• _Task directions_: Pictures do not belong in the copy, so please give every entry below again exactly.

• _Provided data_:
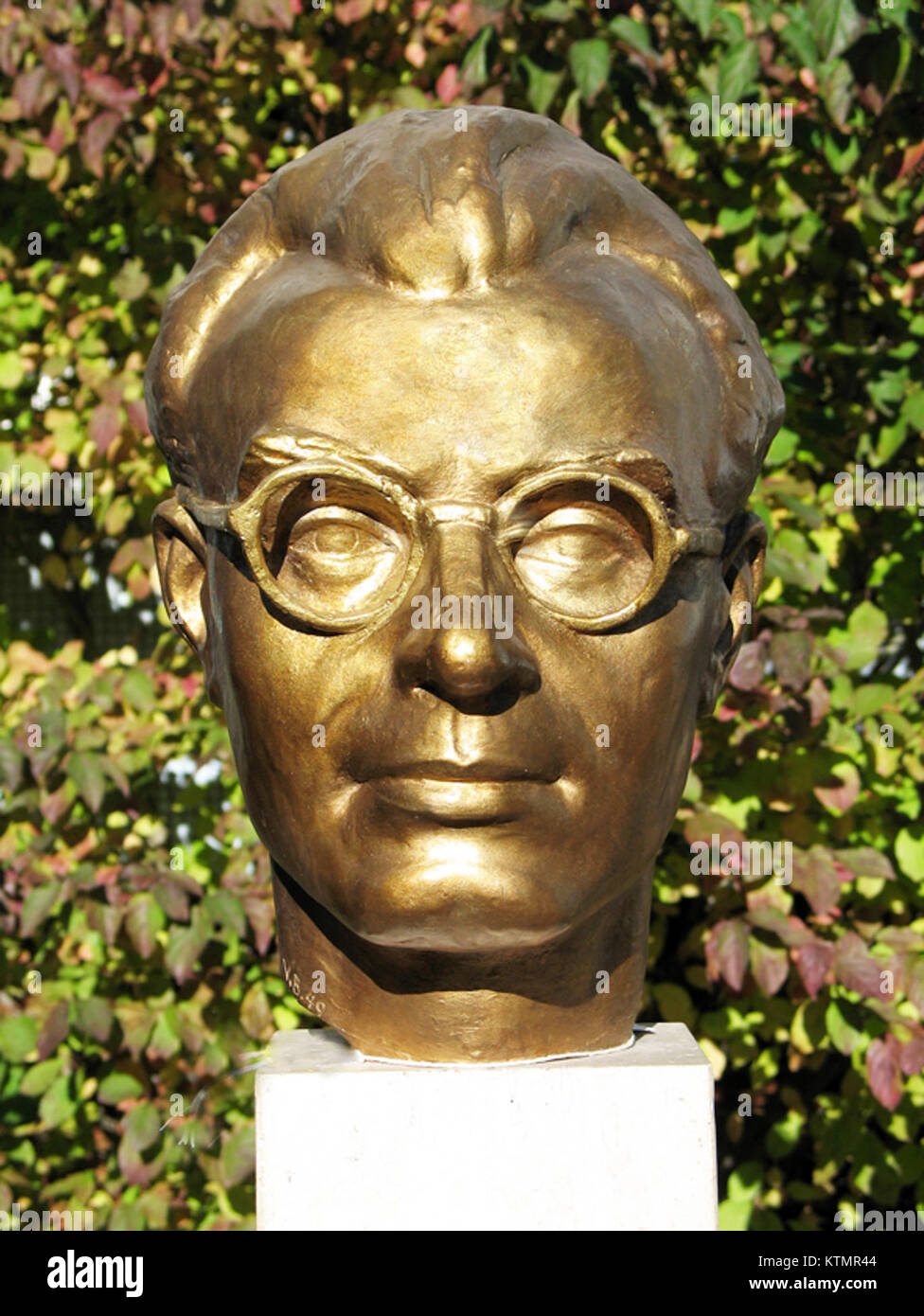 Le monument dédié au capitaine Jana Nalepku, héros de la seconde Guerre mondiale, a été érigé en 1949 en l'honneur de sa bravoure. Le mémorial est un hommage à son sacrifice et à l'histoire de la seconde Guerre mondiale dans la région. Banque D'Images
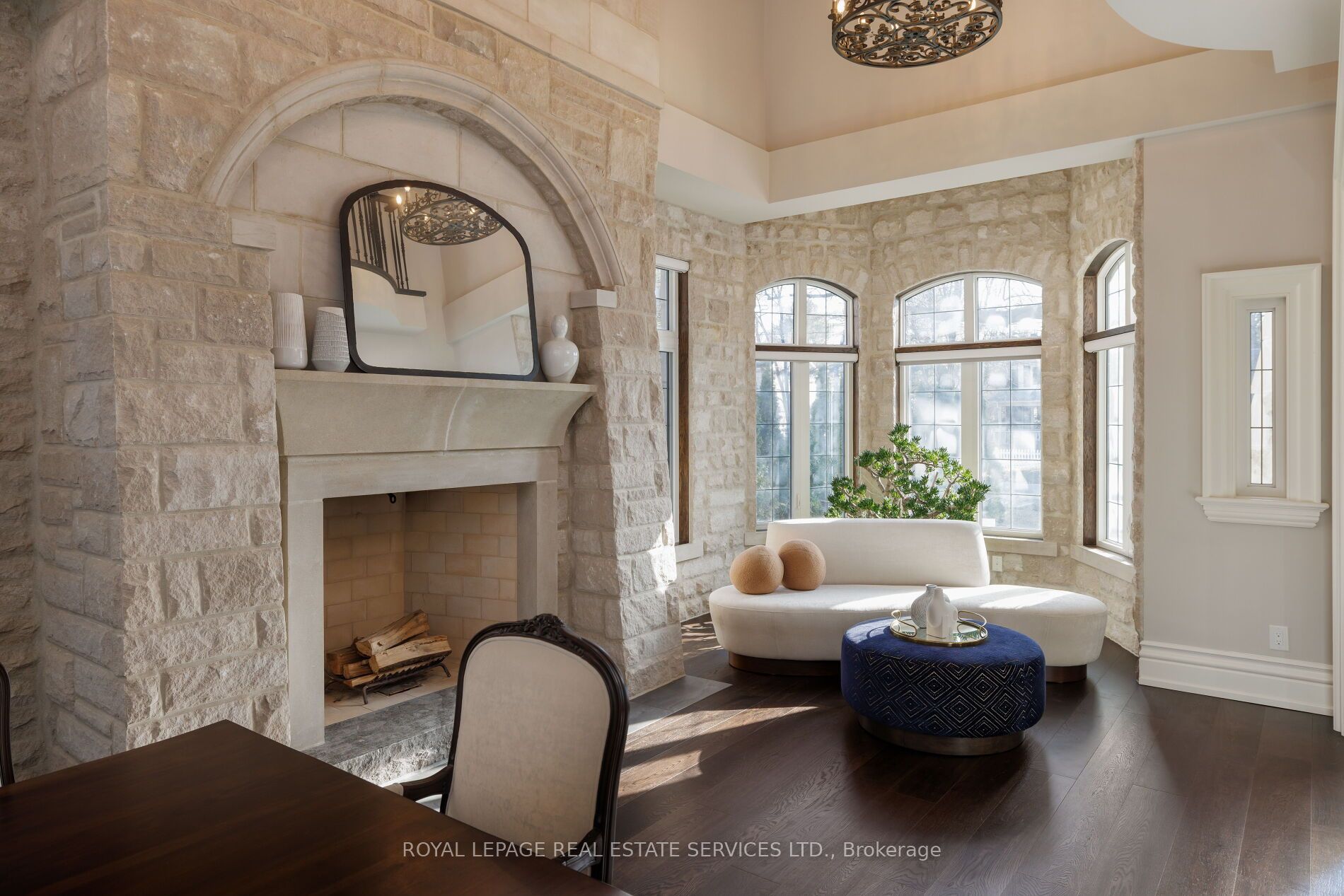 1165 Garden Road, Mississauga, ON L5H 3J5 photo 3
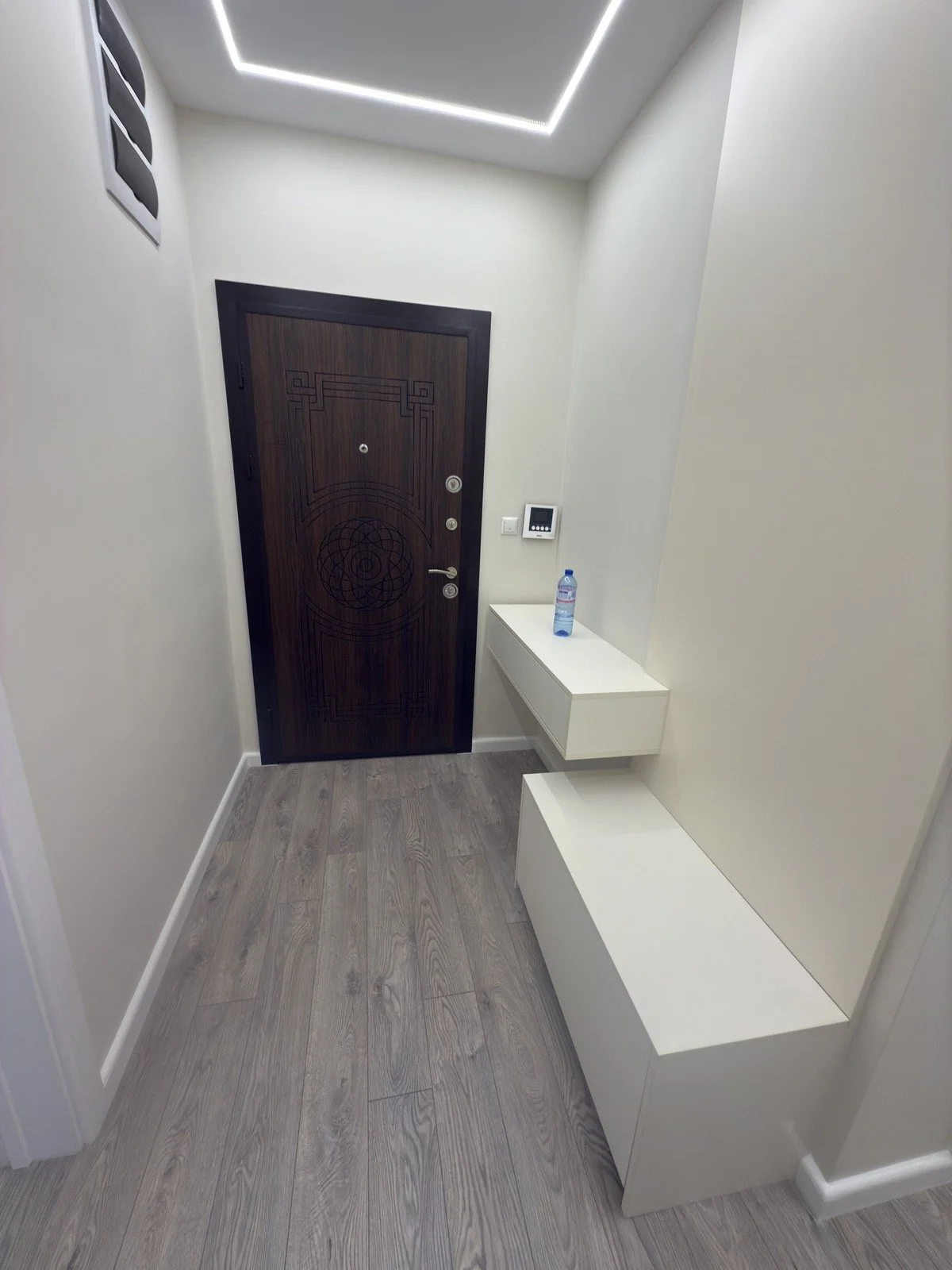 Луксозен апартамент Modern White антре (2).jpg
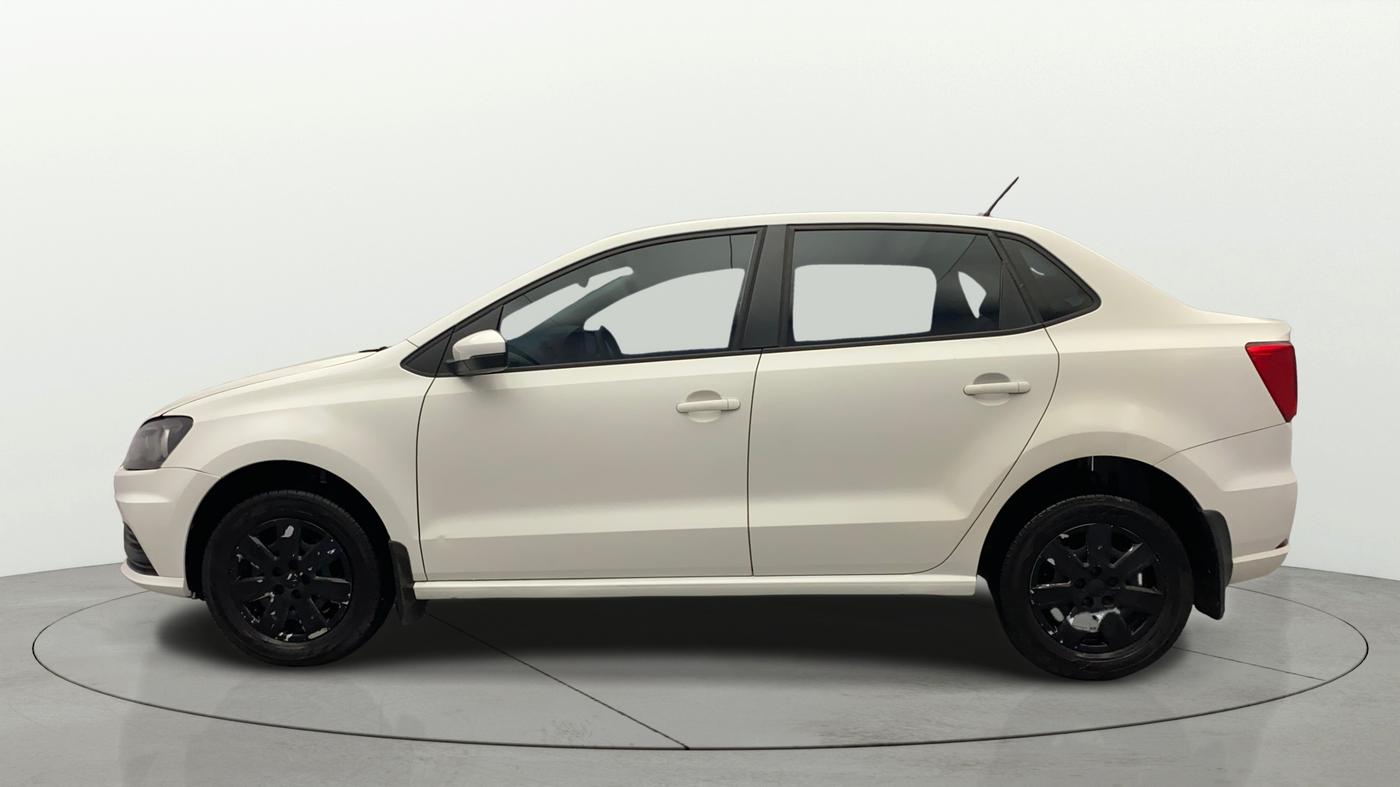 2017 Volkswagen Ameo TRENDLINE 1.2L, Petrol, Manual, 72,579 km, Left Side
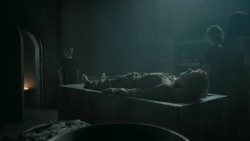 extant_GameOfThrones_5x03-HighSparrow_3409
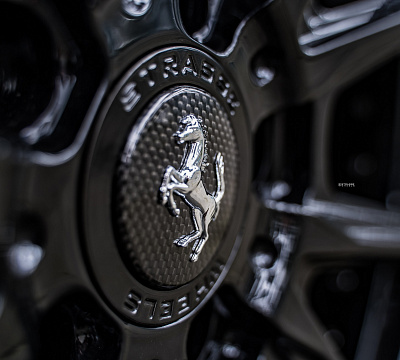 Фото дисков Strasse Wheels SV10 Deep Concave FS на Ferrari SF90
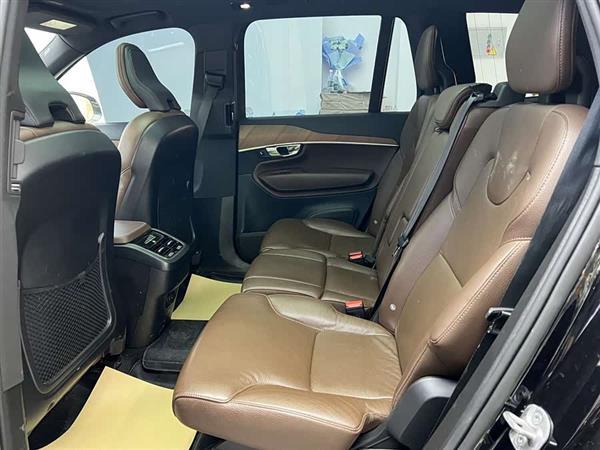 沃尔沃XC90 2023款 B5 智行豪华版 7座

• _Written answer_:
 Le monument dédié au capitaine Jana Nalepku, héros de la seconde Guerre mondiale, a été érigé en 1949 en l'honneur de sa bravoure. Le mémorial est un hommage à son sacrifice et à l'histoire de la seconde Guerre mondiale dans la région. Banque D'Images
 1165 Garden Road, Mississauga, ON L5H 3J5 photo 3
 Луксозен апартамент Modern White антре (2).jpg
 2017 Volkswagen Ameo TRENDLINE 1.2L, Petrol, Manual, 72,579 km, Left Side
 extant_GameOfThrones_5x03-HighSparrow_3409
 Фото дисков Strasse Wheels SV10 Deep Concave FS на Ferrari SF90
 沃尔沃XC90 2023款 B5 智行豪华版 7座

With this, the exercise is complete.